▶ _RECORDS SHOWN_:
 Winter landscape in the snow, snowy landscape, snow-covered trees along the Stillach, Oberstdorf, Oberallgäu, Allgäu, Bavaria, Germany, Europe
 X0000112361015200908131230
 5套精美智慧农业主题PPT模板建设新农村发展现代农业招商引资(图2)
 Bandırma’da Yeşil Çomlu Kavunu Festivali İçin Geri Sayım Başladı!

==

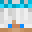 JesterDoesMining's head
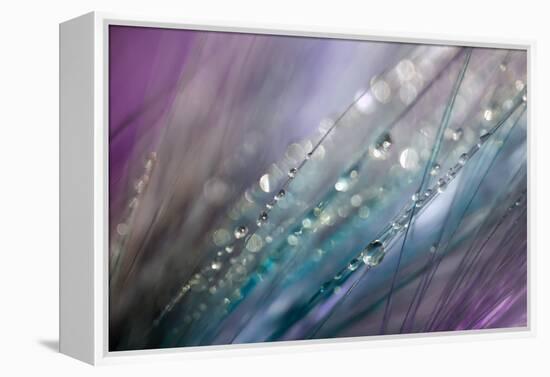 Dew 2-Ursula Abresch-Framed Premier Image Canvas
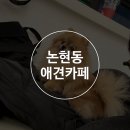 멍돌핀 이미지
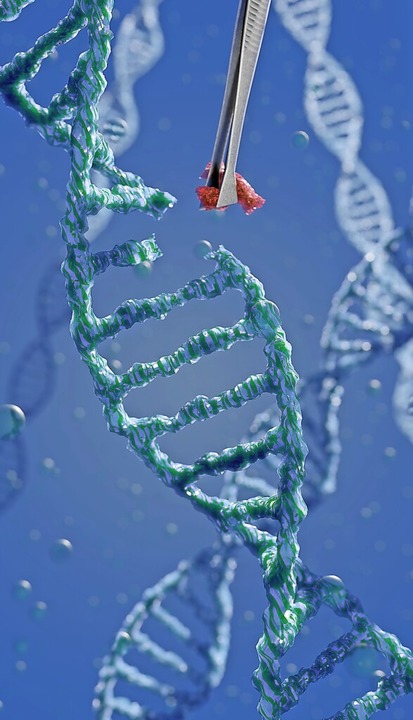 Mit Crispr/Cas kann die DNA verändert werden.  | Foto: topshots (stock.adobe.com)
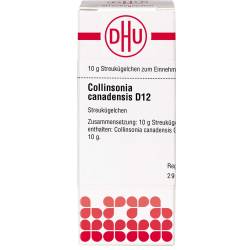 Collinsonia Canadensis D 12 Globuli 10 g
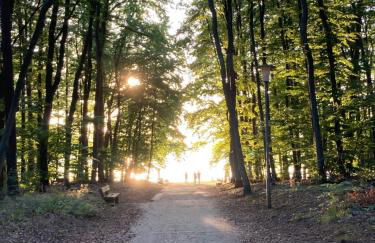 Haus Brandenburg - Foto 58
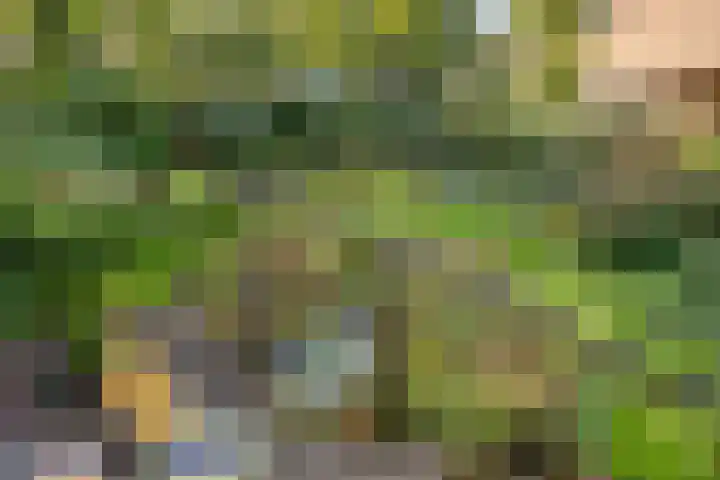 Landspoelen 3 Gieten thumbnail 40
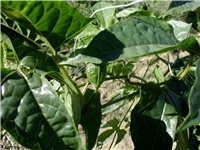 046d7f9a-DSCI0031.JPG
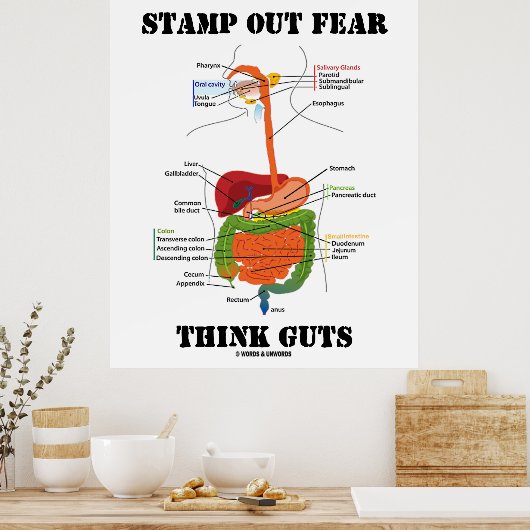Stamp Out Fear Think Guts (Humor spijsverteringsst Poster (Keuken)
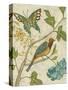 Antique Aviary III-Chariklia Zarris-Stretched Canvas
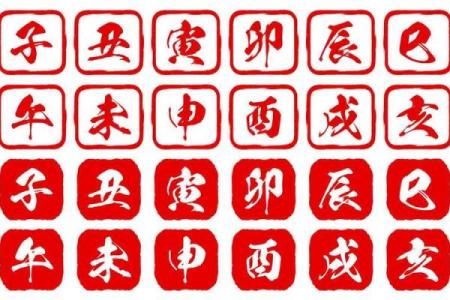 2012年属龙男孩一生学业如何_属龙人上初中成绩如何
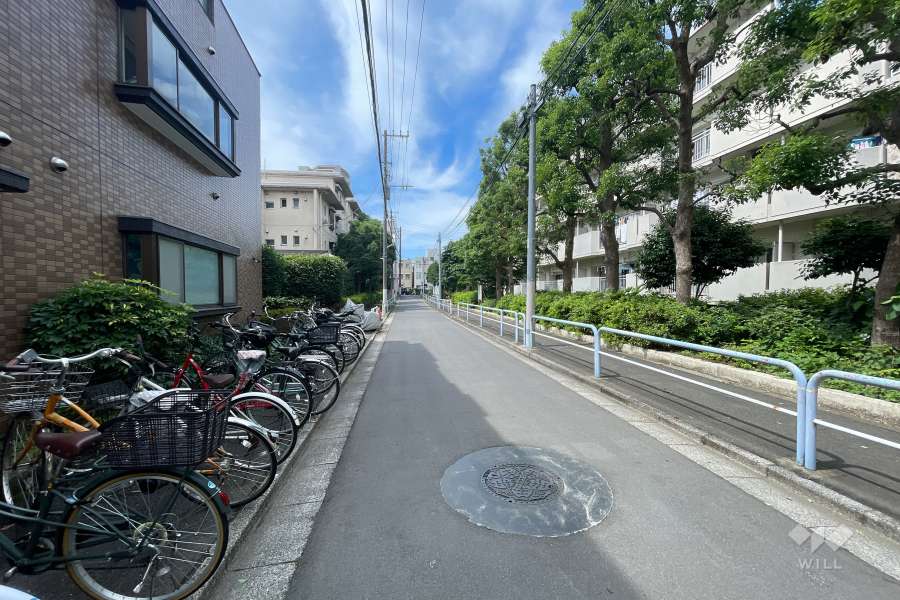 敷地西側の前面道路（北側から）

▶ _EXERCISE BRIEF_: Up in the listing, locate the line with "Collinsonia Canadensis D 12 Globuli 10 g"; print it and every line after it down to the line with "敷地西側の前面道路（北側から）", which is included too. Skip the pictures.

▶ _EXPECTED ANSWER_:
 Collinsonia Canadensis D 12 Globuli 10 g
 Haus Brandenburg - Foto 58
 Landspoelen 3 Gieten thumbnail 40
 046d7f9a-DSCI0031.JPG
Stamp Out Fear Think Guts (Humor spijsverteringsst Poster (Keuken)
 Antique Aviary III-Chariklia Zarris-Stretched Canvas
 2012年属龙男孩一生学业如何_属龙人上初中成绩如何
 敷地西側の前面道路（北側から）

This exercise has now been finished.